Chapter 23. Field Mapping

23.1. Individual Field Mapping

By default, JanusGraph will encode property keys to generate a unique field name for the property key in the mixed index. If one wants to query the mixed index directly in the external index backend can be difficult to deal with and are illegible. For this use case, the field name can be explicitly specified through a parameter.

mgmt = graph.openManagement()
name = mgmt.makePropertyKey('bookname').dataType(String.class).make()
mgmt.buildIndex('booksBySummary', Vertex.class).addKey(name, Parameter.of('mapped-name', 'bookname')).buildMixedIndex("search")
mgmt.commit()

With this field mapping defined as a parameter, JanusGraph will use the same name for the field in the booksBySummary index created in the external index system as for the property key. Note, that it must be ensured that the given field name is unique in the index.

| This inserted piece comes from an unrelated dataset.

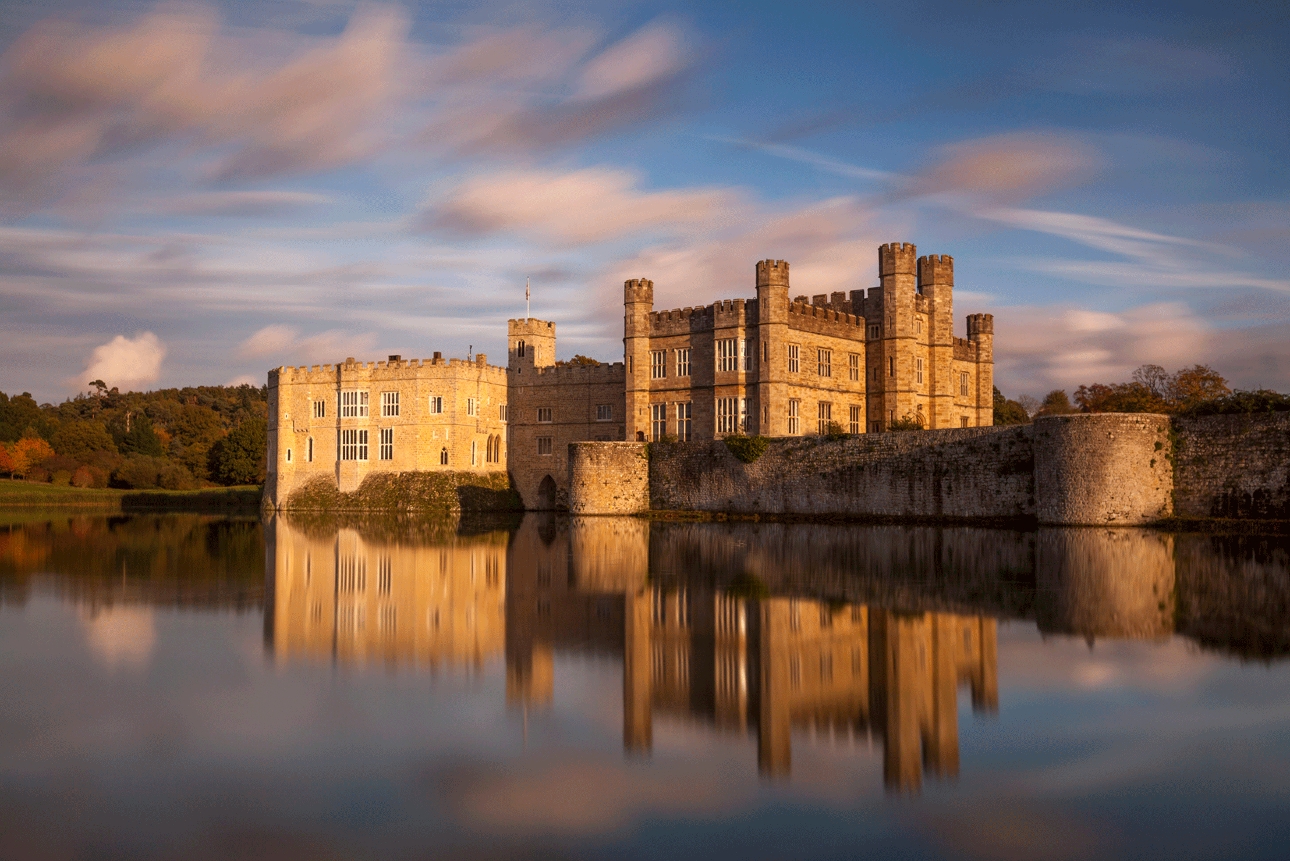 Leeds Castle at sunset, reflection in water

23.2. Global Field Mapping

Instead of individually adjusting the field mapping for every key added to a mixed index, one can instruct JanusGraph to always set the field name in the external index to be identical to the property key name. This is accomplished by enabling the configuration option map-name which is configured per indexing backend. If this option is enabled for a particular indexing backend, then all mixed indexes defined against said backend will use field names identical to the property key names.

However, this approach has two limitations: 1) The user has to ensure that the property key names are valid field names for the indexing backend and 2) renaming the property key will NOT rename the field name in the index which can lead to naming collisions that the user has to be aware of and avoid.

Note, that individual field mappings as described above can be used to overwrite the default name for a particular key.

23.2.1. Custom Analyzer

By default, JanusGraph will use the default analyzer from the indexing backend for properties with Mapping.TEXT, and no analyzer for properties with Mapping.STRING. If one wants to use another analyzer, it can be explicitly specified through a parameter : ParameterType.TEXT_ANALYZER for Mapping.TEXT and ParameterType.STRING_ANALYZER for Mapping.STRING.

23.2.1.1. For Elasticsearch

The name of the analyzer must be set as parameter value.

mgmt = graph.openManagement()
string = mgmt.makePropertyKey('string').dataType(String.class).make()
text = mgmt.makePropertyKey('text').dataType(String.class).make()
textString = mgmt.makePropertyKey('textString').dataType(String.class).make()
mgmt.buildIndex('string', Vertex.class).addKey(string, Mapping.STRING.asParameter(), Parameter.of(ParameterType.STRING_ANALYZER.getName(), 'standard')).buildMixedIndex("search")
mgmt.buildIndex('text', Vertex.class).addKey(text, Mapping.TEXT.asParameter(), Parameter.of(ParameterType.TEXT_ANALYZER.getName(), 'english')).buildMixedIndex("search")
mgmt.buildIndex('textString', Vertex.class).addKey(text, Mapping.TEXTSTRING.asParameter(), Parameter.of(ParameterType.STRING_ANALYZER.getName(), 'standard'), Parameter.of(ParameterType.TEXT_ANALYZER.getName(), 'english')).buildMixedIndex("search")
mgmt.commit()

With these settings, JanusGraph will use the standard analyzer for property key string and the english analyzer for property key text.

23.2.1.2. For Solr

The class of the tokenizer must be set as parameter value.

mgmt = graph.openManagement()
string = mgmt.makePropertyKey('string').dataType(String.class).make()
text = mgmt.makePropertyKey('text').dataType(String.class).make()
mgmt.buildIndex('string', Vertex.class).addKey(string, Mapping.STRING.asParameter(), Parameter.of(ParameterType.STRING_ANALYZER.getName(), 'org.apache.lucene.analysis.standard.StandardTokenizer')).buildMixedIndex("search")
mgmt.buildIndex('text', Vertex.class).addKey(text, Mapping.TEXT.asParameter(), Parameter.of(ParameterType.TEXT_ANALYZER.getName(), 'org.apache.lucene.analysis.core.WhitespaceTokenizer')).buildMixedIndex("search")
mgmt.commit()

With these settings, JanusGraph will use the standard tokenizer for property key string and the whitespace tokenizer for property key text.